> [Exercise goal]: Pictures are to be dropped from the copy. Retype the listing exactly.

[Opening Data for the task section]

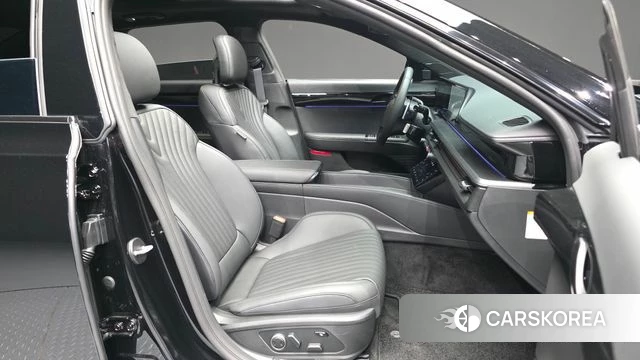 Hyundai Grandeur Hybrid (GN7) 2026 Черный из Кореи, фото 2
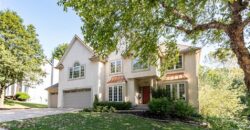 10121 NW River Hills Drive, Parkville, MO 64152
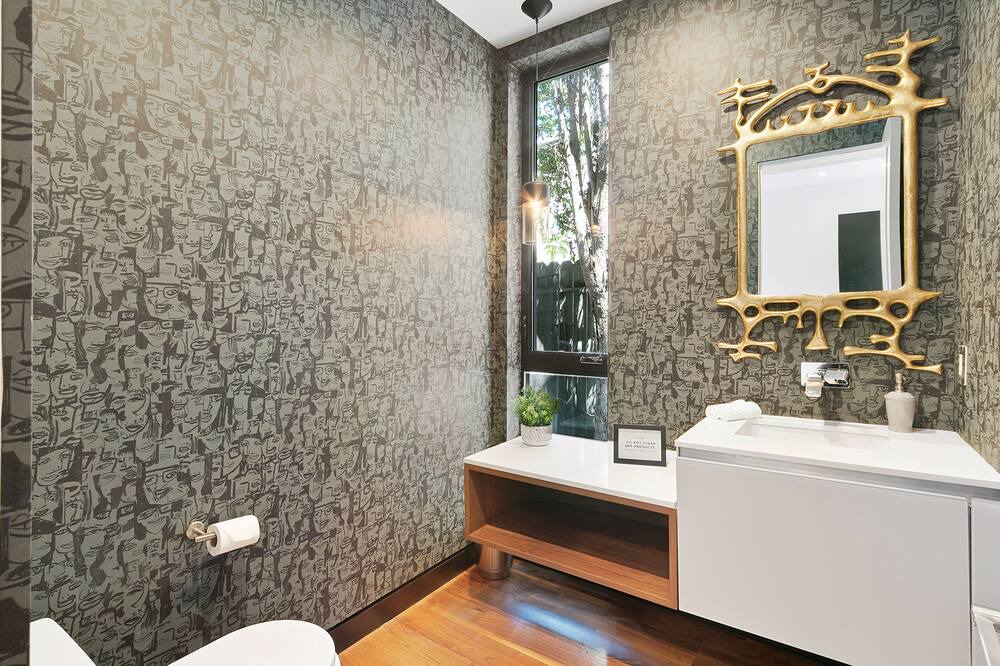 Photo of Bathroom in Melrose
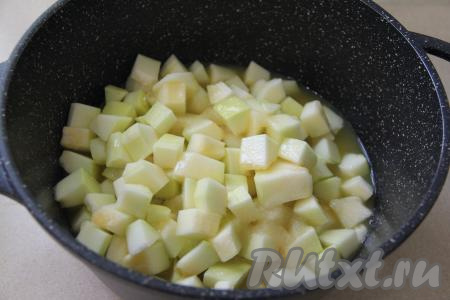 Влить ананасовый сок, перемешать и поставить на огонь.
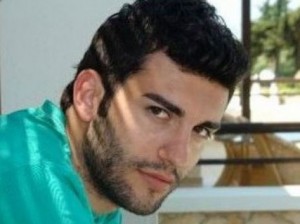 Δείτε που συνέλαβε ο φωτογραφικός φακός του entertv.gr τον αδερφό της Μενεγάκη - Φωτογραφία 1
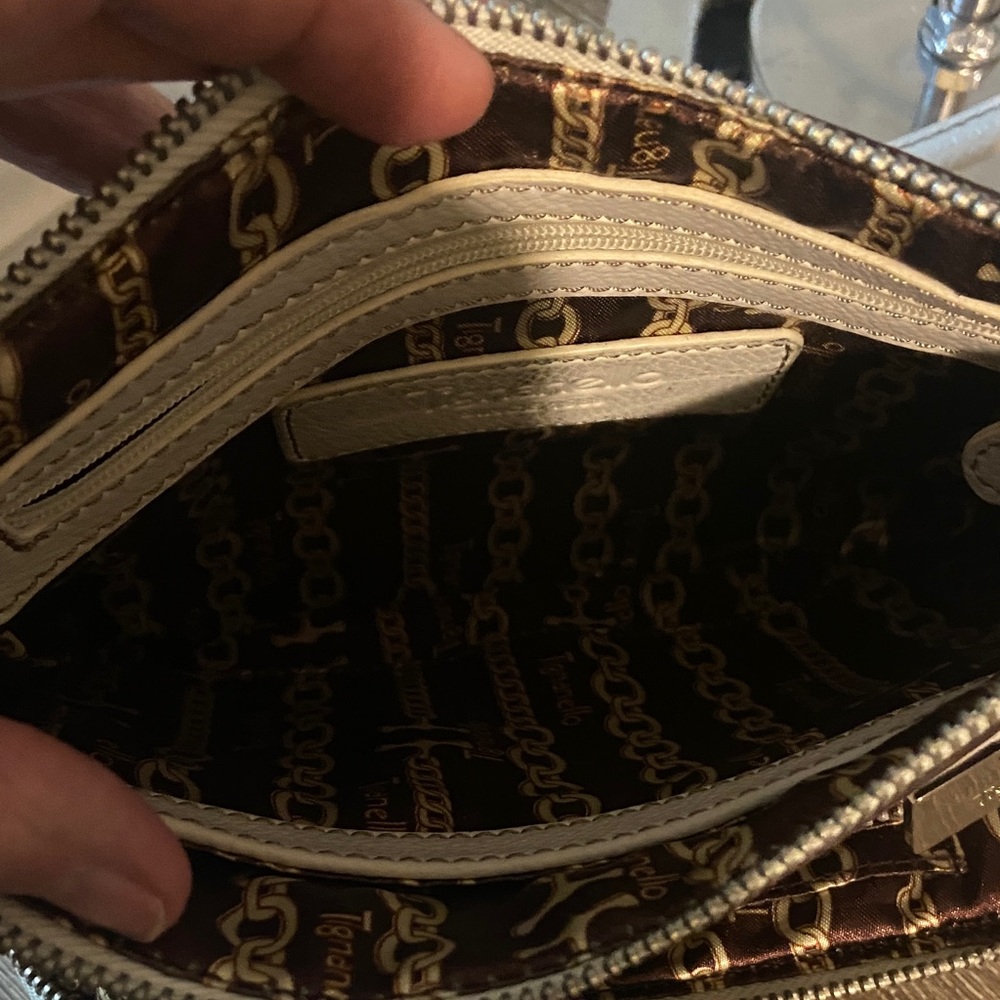 Tignanello Cream Pebble Leather Crossbody Bag with Contrast Stitching - Picture 5 of 6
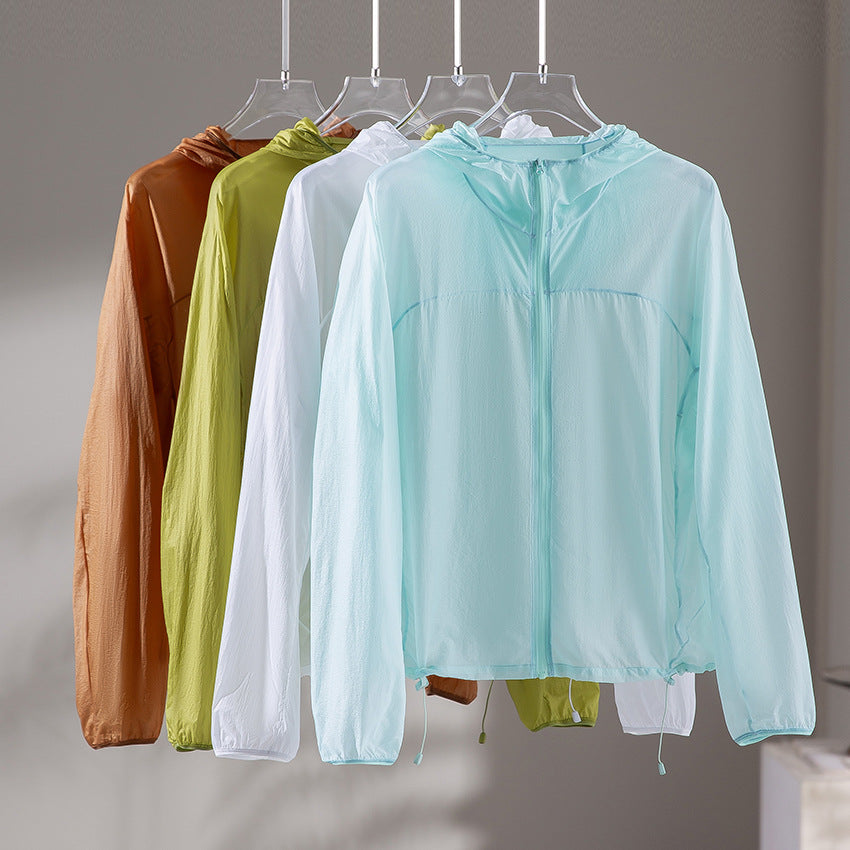 Women's Feather-Light Hooded Jacket Made of Microfibers with Drawstring Chichicherry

[Closing Data for the task section]

> [Answer box]:
 Hyundai Grandeur Hybrid (GN7) 2026 Черный из Кореи, фото 2
 10121 NW River Hills Drive, Parkville, MO 64152
 Photo of Bathroom in Melrose
 Влить ананасовый сок, перемешать и поставить на огонь.
 Δείτε που συνέλαβε ο φωτογραφικός φακός του entertv.gr τον αδερφό της Μενεγάκη - Φωτογραφία 1
 Tignanello Cream Pebble Leather Crossbody Bag with Contrast Stitching - Picture 5 of 6
 Women's Feather-Light Hooded Jacket Made of Microfibers with Drawstring Chichicherry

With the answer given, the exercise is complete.